Após o banho, faço uma pequena rebelião, colocando um shortinho jeans e regata. Torço o nariz também para o guarda-roupas completo que foi entregue ainda ontem para mim.

As melhores grifes estão aqui, à minha disposição. No entanto, prefiro minhas roupas velhas e um confortável par de Havaianas. Desço para explorar a casa sem a presença ameaçadora da sua dona. À tarde irei visitar meu pai no hospital. Quero ir vê-lo todos os dias. Quando a ditadora me permitir estar na cidade, claro. Eu bufo, empurrando a primeira porta depois de um imenso corredor no térreo. É uma biblioteca.

- Uau! – exclamo baixinho e entro no cômodo suntuoso. Paredes altíssimas, com estantes a perder de vista, me saúdam. Os móveis são todos em madeira de lei, os estofados cremes, com almofadas negras. Ando devagar, suspirando, já antevendo que este será um bom local de refúgio.

Amo ler. O balé e a leitura são minhas duas fugas desde pequena. Como não terei um estúdio por aqui para me exercitar, essa biblioteca foi uma grata surpresa. Avanço até a primeira estante e corro os dedos pelos exemplares, lendo os títulos com interesse. Essa sessão é de política. Platão, Maquiavel, entre outros nomes clássicos, estão à vista.

Avanço um pouco mais, para a próxima sessão. Poesia lírica. Não seguro um bufo incrédulo, duvidando de que Helena  já tenha lido algo dessa sessão. Sigo minha exploração ávida até a sessão de literatura, rindo levemente quando vejo alguns títulos que já li: Cem Anos de Solidão, de Gabriel García Márquez; Dom Casmurro, Machado de Assis; A Metamorfose, Franz Kafka; e outros que estavam na minha lista para esse ano, como o Apanhador no Campo de Centeio, de J.D. Salinger, por exemplo. Pego o exemplar de Metamorfose, notando que está bem manuseando. Algo cai de dentro das páginas. Parece um pedaço de uma foto.

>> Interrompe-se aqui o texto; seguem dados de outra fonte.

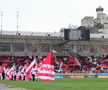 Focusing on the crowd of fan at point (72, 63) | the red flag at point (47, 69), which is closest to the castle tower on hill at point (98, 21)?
the crowd of fan at point (72, 63)

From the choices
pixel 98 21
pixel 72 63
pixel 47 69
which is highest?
pixel 98 21

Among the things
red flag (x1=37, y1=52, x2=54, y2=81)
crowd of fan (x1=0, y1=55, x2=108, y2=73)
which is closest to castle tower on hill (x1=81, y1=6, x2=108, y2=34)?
crowd of fan (x1=0, y1=55, x2=108, y2=73)

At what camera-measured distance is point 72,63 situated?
86.8 m

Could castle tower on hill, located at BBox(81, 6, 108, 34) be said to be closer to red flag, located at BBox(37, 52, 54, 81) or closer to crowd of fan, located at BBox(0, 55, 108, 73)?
crowd of fan, located at BBox(0, 55, 108, 73)

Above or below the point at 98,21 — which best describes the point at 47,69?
below

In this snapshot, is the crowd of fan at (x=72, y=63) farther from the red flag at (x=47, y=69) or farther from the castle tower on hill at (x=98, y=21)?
the castle tower on hill at (x=98, y=21)

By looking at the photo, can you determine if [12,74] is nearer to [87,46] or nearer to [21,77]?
[21,77]

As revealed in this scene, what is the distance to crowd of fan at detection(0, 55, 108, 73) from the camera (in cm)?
7962

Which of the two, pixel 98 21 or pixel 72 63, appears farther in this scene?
pixel 98 21

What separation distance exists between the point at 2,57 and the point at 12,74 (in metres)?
33.3

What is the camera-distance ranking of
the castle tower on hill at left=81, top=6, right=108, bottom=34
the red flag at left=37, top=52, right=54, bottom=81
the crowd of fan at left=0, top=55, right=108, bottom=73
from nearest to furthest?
the red flag at left=37, top=52, right=54, bottom=81, the crowd of fan at left=0, top=55, right=108, bottom=73, the castle tower on hill at left=81, top=6, right=108, bottom=34

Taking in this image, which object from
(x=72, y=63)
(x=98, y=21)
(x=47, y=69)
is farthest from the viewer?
(x=98, y=21)

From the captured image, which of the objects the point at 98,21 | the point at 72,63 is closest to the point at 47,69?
the point at 72,63

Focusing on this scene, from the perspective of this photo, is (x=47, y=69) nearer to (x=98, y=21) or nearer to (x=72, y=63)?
(x=72, y=63) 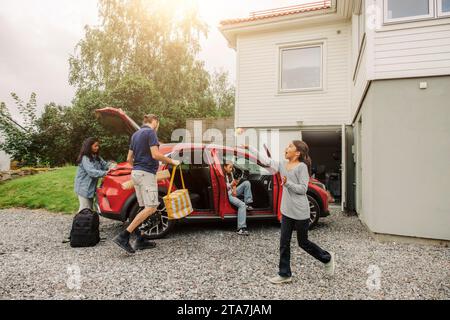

Me abaixo e pego-o. São duas meninas. Helena  e Lilia, reconheço os olhos azul-gelo na foto. Mesmo em tão pouca idade, sua expressão já era assustadoramente fria, sem vida, como se pouco se importasse com quem estava registrando o momento.

Franzo o cenho, percebendo que Lilia não está sorrindo nessa foto. Desdobro o canto rasgado, notando um sapato feminino, alto e elegante. A mãe delas? Seus pais morreram tragicamente em um acidente de avião, há muitos anos. Quem rasgou essa foto? Helena  ou Lilia? E se era a mãe, por que a arrancaram de forma tão desrespeitosa?

Meu celular toca no bolso traseiro do short, me assustando. Guardo a foto dentro do livro novamente e pego o aparelho, gemendo quando vejo o visor: é Winona

Estou ignorando as duas mulheres desde nosso último encontro no hospital, Elas queriam vir ao casamento, porém, Helena  foi categórica ao deixá-las de fora. Terei de conversar com as vacas em algum momento, embora. Winona falou sobre problemas financeiros.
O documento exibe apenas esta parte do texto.